I want to determine the credible interval of a quantity $\theta_1$. I want to make this estimate using observed data by assuming a certain model which depends on $\theta_1$ as well as about n=15 nuisance parameters $\theta_2, \ldots, \theta_n$.
I have a likelihood function $\mathcal L(x|\boldsymbol\theta)$ where $x$ are my observations which I can calculate for any $\boldsymbol \theta$.
I also have priors $\pi(\boldsymbol \theta)$ which I can similarly calculate for any $\boldsymbol \theta$.
My plan is as follows.
Draw a large number of samples of $\boldsymbol \theta$ from a uniform random distribution. (Monte Carlo step)
Calculate the posterior $p = \mathcal{L}(x|\theta)\cdot\pi(\theta)$ for each sample. (Bayes step)
Calculate the weighted mean and standard deviation of $\theta_1$, where the weights are $p$. (Integration step)

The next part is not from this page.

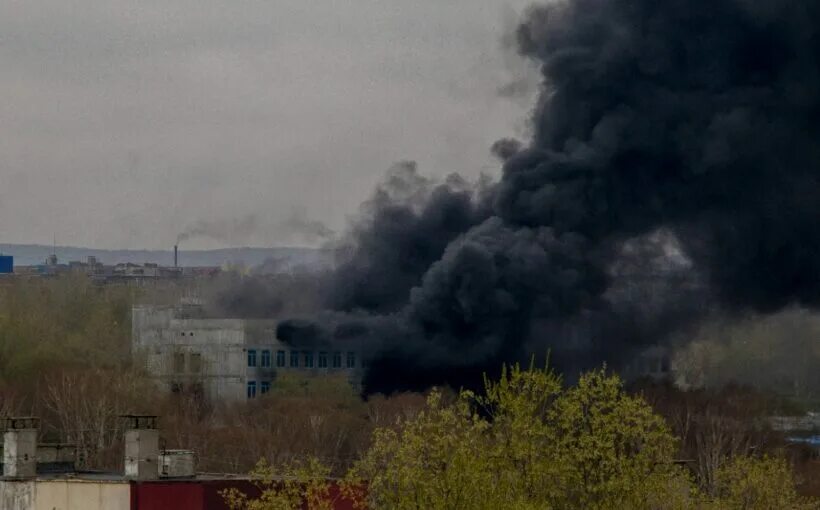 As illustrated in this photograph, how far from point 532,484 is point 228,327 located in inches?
2094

Does this make sense? If not, can someone please point me in the right direction? If so, is there a way to estimate how many samples I will need?
(In practice I think I will actually use quasi-Monte Carlo sampling by making use of Sobol numbers, but I think this detail is not important for the question.)
I know how to solve this problem using MCMC, but my likelihood function is very expensive to calculate and so I prefer a simpler way to make this estimate.